Thrill to my commentary after the jump!

0:19 - You know how youth rec leagues name their teams after NBA franchises, like kiddy versions of the "Celtics" and "Rockets," even though they probably haven't properly licensed the intellectual property? And they give the kids crummy mesh uniforms manufactured by 10-cents-an-hour Burmese sweatshop labor? That's what summer-league uniforms look like.

0:38 - Is that David Aldridge on the color commentary? His career might be going sideways. Of course, I'd happily call summer-league games for $20 in chips and buffet comps from Excalibur. It's like traveling in a time machine to Arthurian England! If Arthurian England had Wheel of Fortune-themed slots and was overrun by Wisconsin tourists wearing Brett Favre jerseys.

0:55 - Aldridge becomes the 20,000th commentator to compare Adam Morrison to JJ Redick. This is still better than the Tour de France, but the gap is closing.

1:27 - Smush Parker, ladies and gentlemen! He will haunt Lakerdom for all eternity.

1:36 - Morrison hits a runner to put the "Lakers" up one. I actually clapped for a second before remembering this isn't real basketball.

1:46 - Smush again! He will have his revenge.

1:53 - Brent Petway, seen swatting away a jump hook, is well liked by our friends at Ridiculous Upside and, I'm told, won the D League's dunk contest in 2008. Similarly, I used to have a nerf hoop in my office that I dunked on when I was supposed to be listening to conference calls.

2:32 - DeMar Derozan gets whistled for a charge. My stathead friends generally think he's going to bust in the Association, but I think he might work out OK. He needs to either eat more or get on an HGH cycle.

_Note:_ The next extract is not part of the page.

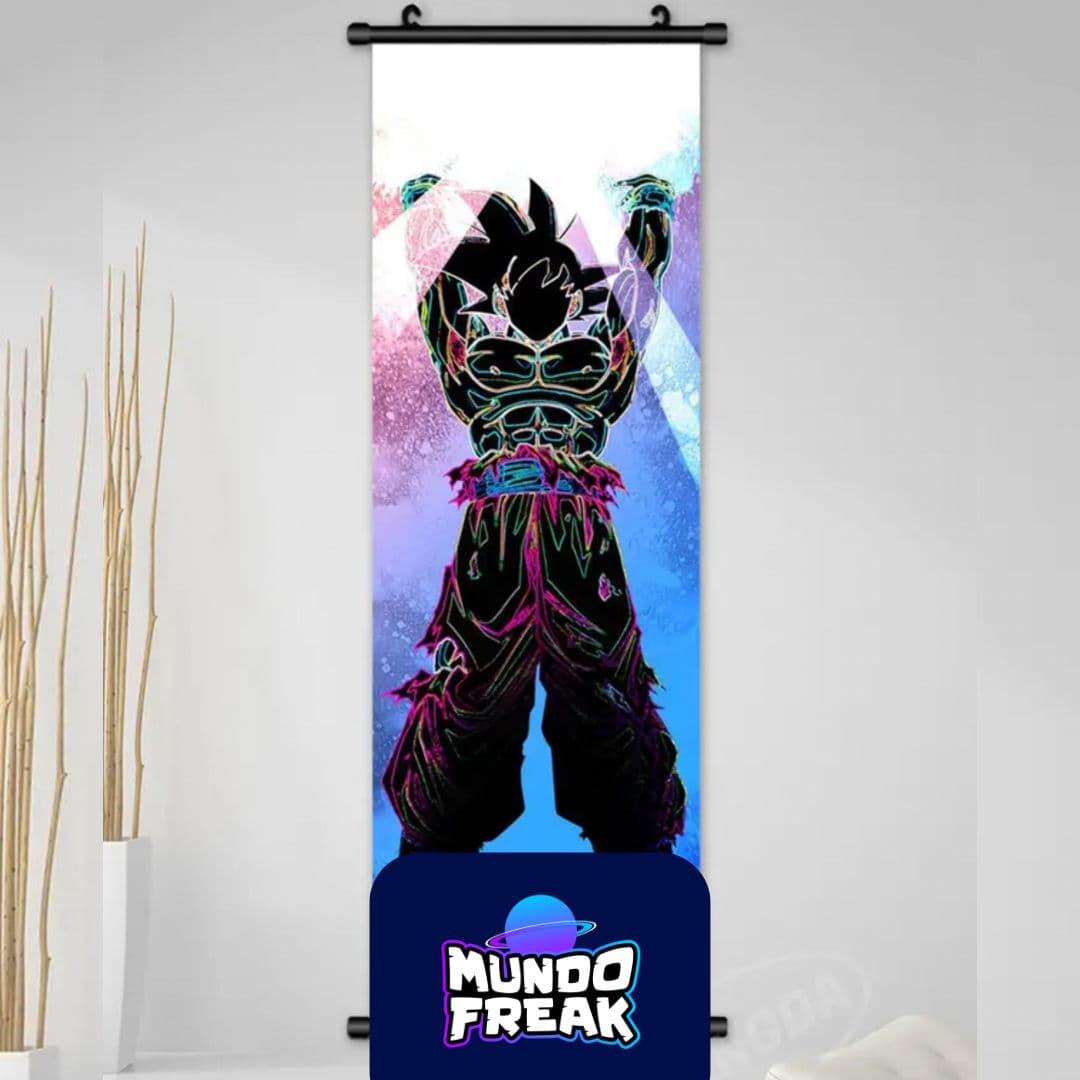 Pergamino Dragon Ball goku peque o volador amarillo    20x60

3:00 - Fast break finish by Ben McCauley, who had a monster game (24 points and 15 ribs) in this one. He's a tweener out of North Carolina State and doesn't look half-bad, to be honest. He will never play for the real-world Lakers, however, so you have permission to resume not caring about him.

3:25 - If you're wondering about the difference in quality between the summer league and the actual NBA, please note that Adam Morrison is a devastating scorer in this game.

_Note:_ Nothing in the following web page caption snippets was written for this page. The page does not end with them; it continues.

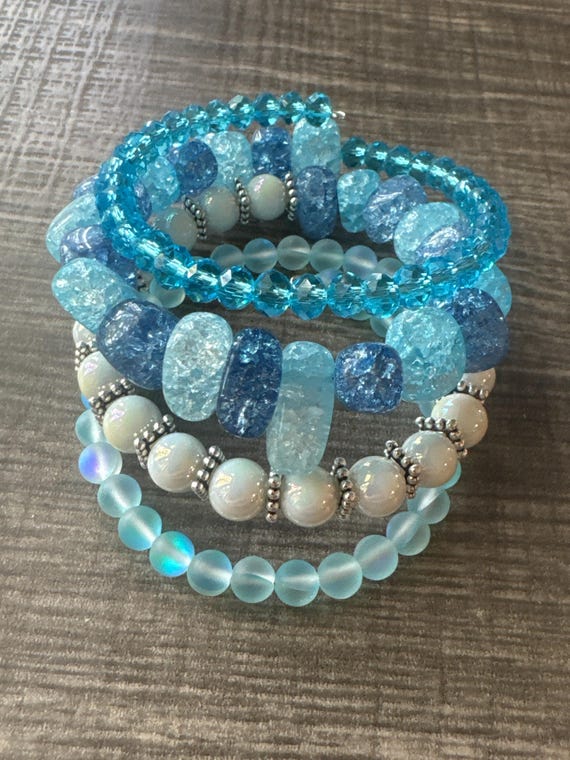 Blue Crackle Bead Multi Strand Bracelet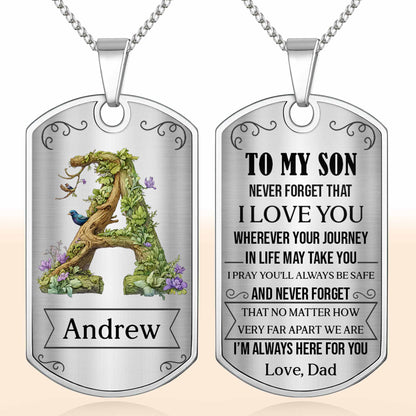 To My Son, Never Forget That I Love You, Tree And Bird Necklace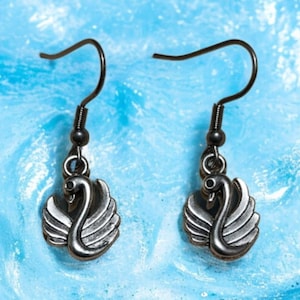 Stainless steel Swan earrings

3:54 - Petway gets blocked on a dunk attempt. Jordan Crawford is unimpressed.

4:15 - But Petway redeems himself with the colossal basline flush! Chinemelu Elonu gets posterized, and the Nigerian version of Nike demands confiscation of the video.

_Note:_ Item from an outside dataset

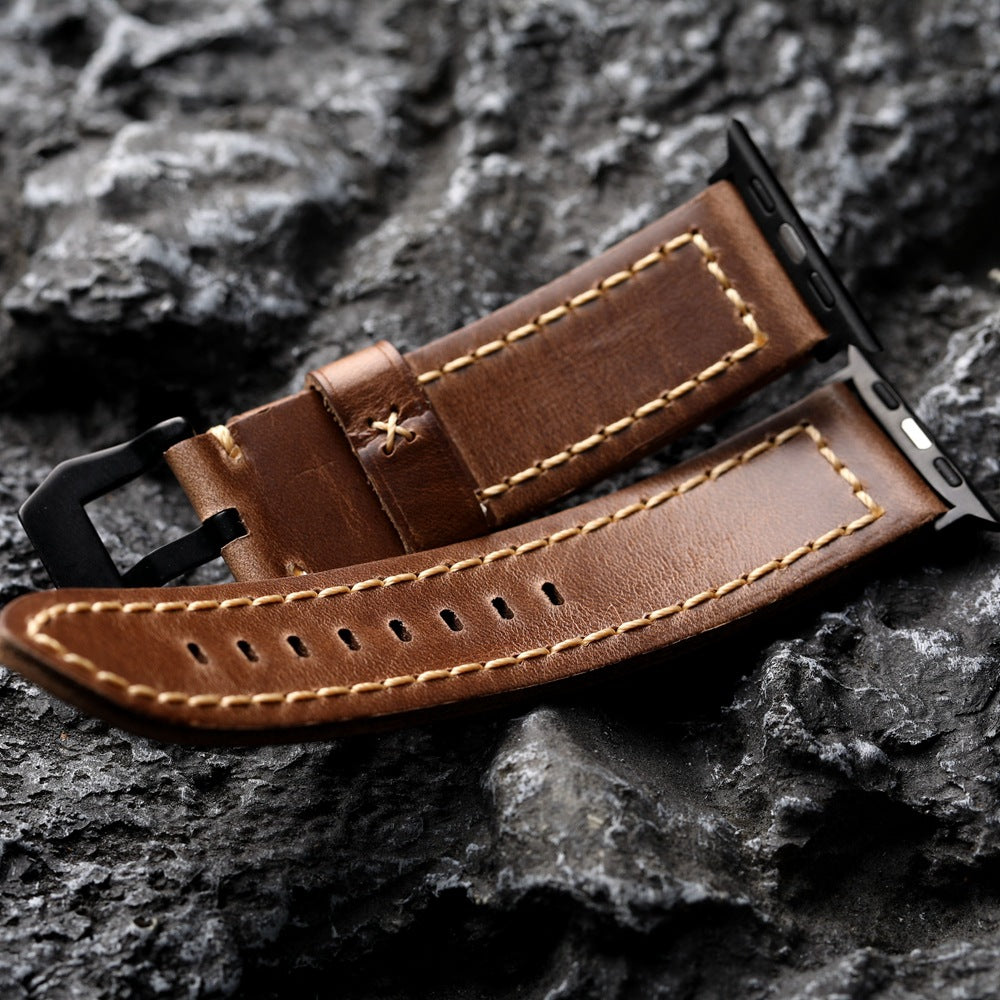 Nova Vintage Brown Premium Leather Strap For Apple Watch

4:42 - Holy crap... the "Lakers" are actually running the Triangle. I am legitimately surprised and impressed. It's really not a simple scheme to learn, and considering these guys have spent about 12 minutes together....

5:05 - I enjoy just making shit up, so here goes.... Morrison will be the summer league MVP. If not this year, then eventually.

5:32 - Sweet oop finish by Derozan. In regular league action, I suspect someone would have destroyed him with a Flagrant Two rather than allow that to happen.

6:04 - Morrison uncorks a brilliant 60 foot lob to someone named Tony Gaffney. I'm beginning to think this video was doctored.

6:26 - Taylor Rochestie puts the Lakers up one! My wife just scolded me for cheering too loudly hahaha just kidding. I am single and deeply antisocial.

6:48 - Look at that ball movement! This is a very credible version of the Triangle we're seeing.

7:08 - Someone named "Monds" scores for the Lakers. I have no intention of figuring out who he is.

8:05 - Aron Baynes is in the game. The boxscore indicates that he committed five personal fouls in less than nine minutes played. Somewhere, Andrew Bynum nods approvingly.

8:23 - Raptor plans will be pleased to learn that Derozan can't guard Morrison one-on-one.

8:52 - Smush is back on the court! Just in time to throw it away on a key late possession. That seems so unlike him.

9:18 - Morrison blocks Derozan. This video has absolutely been doctored.

9:33 - The mysterious "Monds" hits a key jumper after a travel that isn't called. The refs really want to get to the blackjack tables before the minimum bets get raised.

9:46 - McCauley FTW with 15 seconds left! Suck it, Canada!

In conclusion, if I were in Vegas I would absolutely gamble on these games. The end.